Anyone who has experienced kidney stones is keenly conscious of the possible lack of drugs to deal with the problem, which often causes excruciating pain.
A new mouse study, however, shows that a class of drugs approved to deal with leukemia and epilepsy may also be effective against kidney stones, researchers at Washington University School of Medicine in St. Louis report.
The drugs are histone deacetylase inhibitors, or HDAC inhibitors for short. The researchers found that two of them – Vorinostat and trichostatin A – ‘abnormal’ amounts of magnesium and calcium in the urine. Both calcium and magnesium are key aspects of kidney stones.
The research is available online within the Journal from the American Society of Nephrology.
“We’re hopeful this class of drugs can dissolve kidney stones because its effects on reducing calcium and magnesium are only at kidney cells,” said senior author Jianghui Hou, PhD, assistant professor of drugs. “In the mice, we achieved dramatic effects at a fraction of the dosage used to treat leukemia and without significant negative effects.”
Most kidney stones form once the urine becomes too concentrated, allowing calcium and magnesium to crystallize and stick together. Intense pain develops when stones get stuck in the urinary system and block the flow of urine.
Diet can enjoy a role in the condition. Not drinking enough water or eating a diet with too much salt, which promotes calcium to be sold in to the urine, increases the risk of stones. Some people are also genetically vulnerable to developing kidney stones, and they naturally release an excessive amount of calcium into the urine.
Typically, doctors recommend drinking lots of water to help pass kidney stones from the body. Thiazide, a type of drug accustomed to treat high blood pressure, sometimes is prescribed to deal with the stones since it reduces calcium within the urine. However the drug also increases magnesium in urine, countering its usefulness against kidney stones.
In the new study, Hou and his colleagues demonstrated that Vorinostat, approved to deal with leukemia and epilepsy, and trichostatin A, an antifungal drug, mimic an all natural process within the kidney that reabsorbs magnesium and calcium into the urine.
Kidneys, in addition to filtering waste in the blood into the urine, also play an important role in reclaiming minerals the body needs to handle basic functions of life. Normally, some magnesium and calcium in the blood are filtered into the urine after which reabsorbed back into the blood, depending on the body’s need for these essential minerals.

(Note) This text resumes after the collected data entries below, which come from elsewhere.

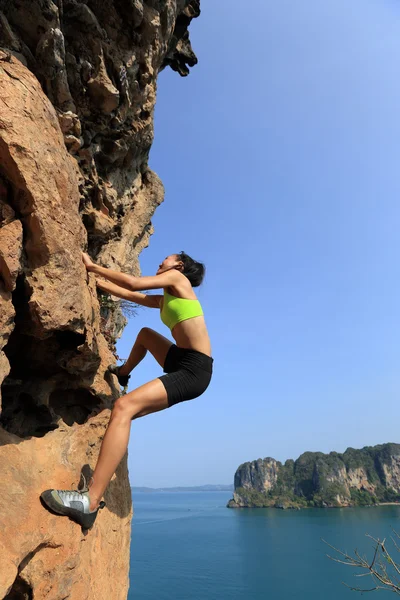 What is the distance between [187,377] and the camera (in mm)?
3797

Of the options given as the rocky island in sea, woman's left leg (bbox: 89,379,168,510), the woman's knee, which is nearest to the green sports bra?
woman's left leg (bbox: 89,379,168,510)

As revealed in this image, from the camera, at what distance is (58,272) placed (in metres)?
3.49

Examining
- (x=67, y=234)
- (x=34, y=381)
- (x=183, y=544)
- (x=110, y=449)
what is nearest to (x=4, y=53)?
(x=67, y=234)

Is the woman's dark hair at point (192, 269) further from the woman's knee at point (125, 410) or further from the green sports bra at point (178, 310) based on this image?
the woman's knee at point (125, 410)

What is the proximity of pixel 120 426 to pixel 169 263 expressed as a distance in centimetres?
208

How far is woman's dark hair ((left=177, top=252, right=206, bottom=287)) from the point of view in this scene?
15.3ft

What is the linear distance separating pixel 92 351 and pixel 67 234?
4.15 feet

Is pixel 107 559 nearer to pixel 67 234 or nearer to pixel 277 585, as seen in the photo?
pixel 67 234

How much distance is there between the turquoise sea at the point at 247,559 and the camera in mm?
38500

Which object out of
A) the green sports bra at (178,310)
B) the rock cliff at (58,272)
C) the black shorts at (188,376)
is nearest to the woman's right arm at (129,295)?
the rock cliff at (58,272)

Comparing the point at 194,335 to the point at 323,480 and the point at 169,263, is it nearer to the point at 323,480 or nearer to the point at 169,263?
the point at 169,263

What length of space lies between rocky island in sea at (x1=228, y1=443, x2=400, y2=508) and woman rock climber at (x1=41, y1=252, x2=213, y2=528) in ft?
413

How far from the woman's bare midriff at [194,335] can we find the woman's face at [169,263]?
2.87ft

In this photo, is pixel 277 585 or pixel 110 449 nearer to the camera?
pixel 110 449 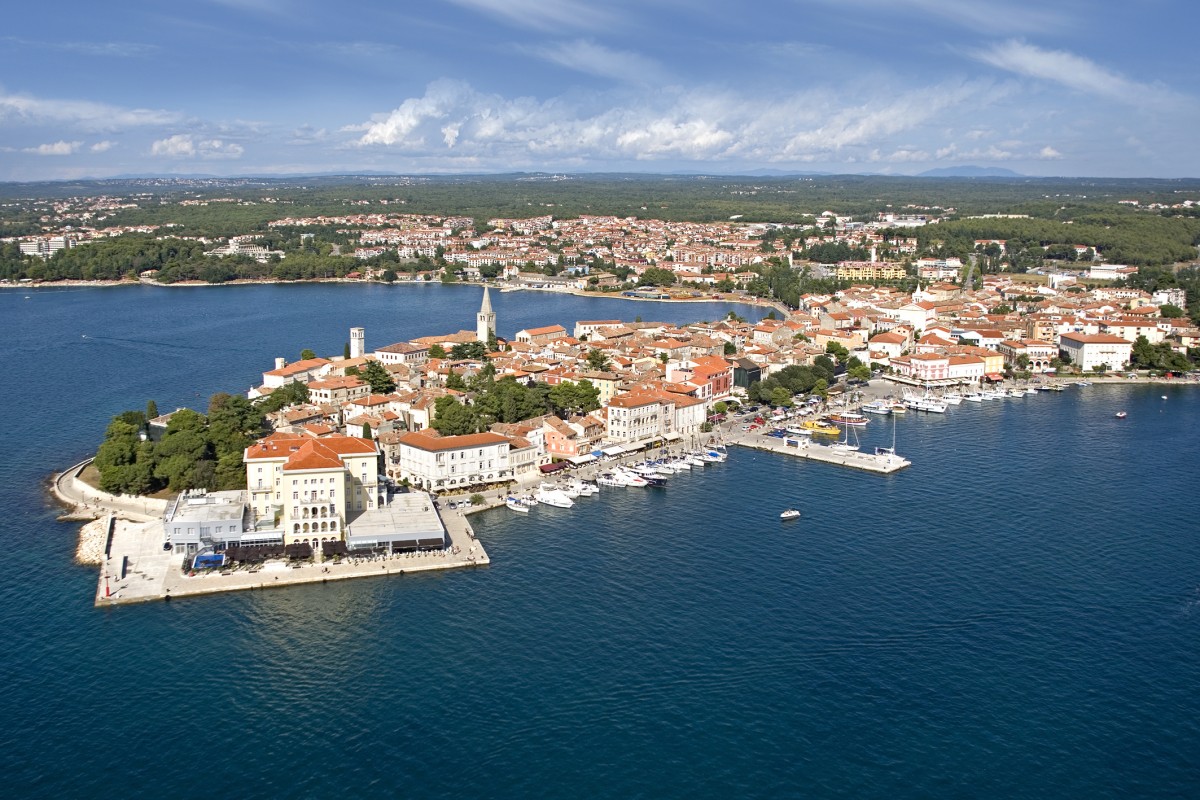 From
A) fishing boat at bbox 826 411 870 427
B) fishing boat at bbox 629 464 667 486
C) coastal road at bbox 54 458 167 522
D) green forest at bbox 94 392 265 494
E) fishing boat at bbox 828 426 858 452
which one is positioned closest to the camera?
coastal road at bbox 54 458 167 522

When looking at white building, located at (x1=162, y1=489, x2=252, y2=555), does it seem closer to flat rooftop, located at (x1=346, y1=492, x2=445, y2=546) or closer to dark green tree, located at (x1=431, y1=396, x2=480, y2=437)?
flat rooftop, located at (x1=346, y1=492, x2=445, y2=546)

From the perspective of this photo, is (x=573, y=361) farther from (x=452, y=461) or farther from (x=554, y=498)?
(x=554, y=498)

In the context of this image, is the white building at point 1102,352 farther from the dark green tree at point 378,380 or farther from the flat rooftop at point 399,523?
the flat rooftop at point 399,523

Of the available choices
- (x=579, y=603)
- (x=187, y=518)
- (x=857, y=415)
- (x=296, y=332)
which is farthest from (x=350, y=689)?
(x=296, y=332)

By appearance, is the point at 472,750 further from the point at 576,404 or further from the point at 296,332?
the point at 296,332

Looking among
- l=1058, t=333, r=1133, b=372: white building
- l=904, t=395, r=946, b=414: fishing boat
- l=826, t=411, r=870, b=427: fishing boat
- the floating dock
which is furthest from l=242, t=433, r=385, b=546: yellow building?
l=1058, t=333, r=1133, b=372: white building

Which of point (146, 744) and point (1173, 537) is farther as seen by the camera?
point (1173, 537) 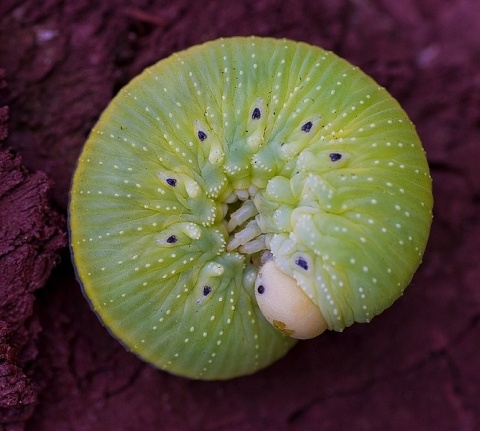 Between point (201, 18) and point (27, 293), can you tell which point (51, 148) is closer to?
point (27, 293)

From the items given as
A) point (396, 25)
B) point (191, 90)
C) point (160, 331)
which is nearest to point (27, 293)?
point (160, 331)

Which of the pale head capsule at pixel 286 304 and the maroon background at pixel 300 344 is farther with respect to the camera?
the maroon background at pixel 300 344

Hou’s earlier work showed this method is heavily determined by the game of a gene called claudin-14. Once the activity of claudin-14 is idled, the kidney’s filtering system works like it’s supposed to. But when the gene is activated, magnesium and calcium are blocked from re-entering the blood.
The gene’s expression is controlled by two snippets of RNA, a sister molecule of DNA, Hou’s previous research has shown.
As part of the new study, Hou and his colleagues discovered that Vorinostat and trichostatin A do not act directly on the claudin-14 but mimic these so-called micro-RNA molecules, keeping the game from the gene under control. The drugs can modify the game of micro-RNAs make sure they are attractive as potential treatments for kidney stones.
In the mice, small doses of Vorinostat, for instance, reduced calcium levels in the urine by more than 50 % and magnesium levels by a lot more than 40 percent. Similar outcome was recognized for trichostatin A.
“Kidney cells were very responsive to the drug,” Hou explained. “We used one-twentieth from the dose typically utilized in humans and achieved significant results. We currently want to test the drug in clinical trials for patients with kidney stones.”
Mice don’t develop kidney stones, so it will be vital that you test the drugs against kidney stones in patients, but the current study provides evidence of principle that HDAC inhibitors regulate exactly the same pathway that leads to kidney stones, he explained.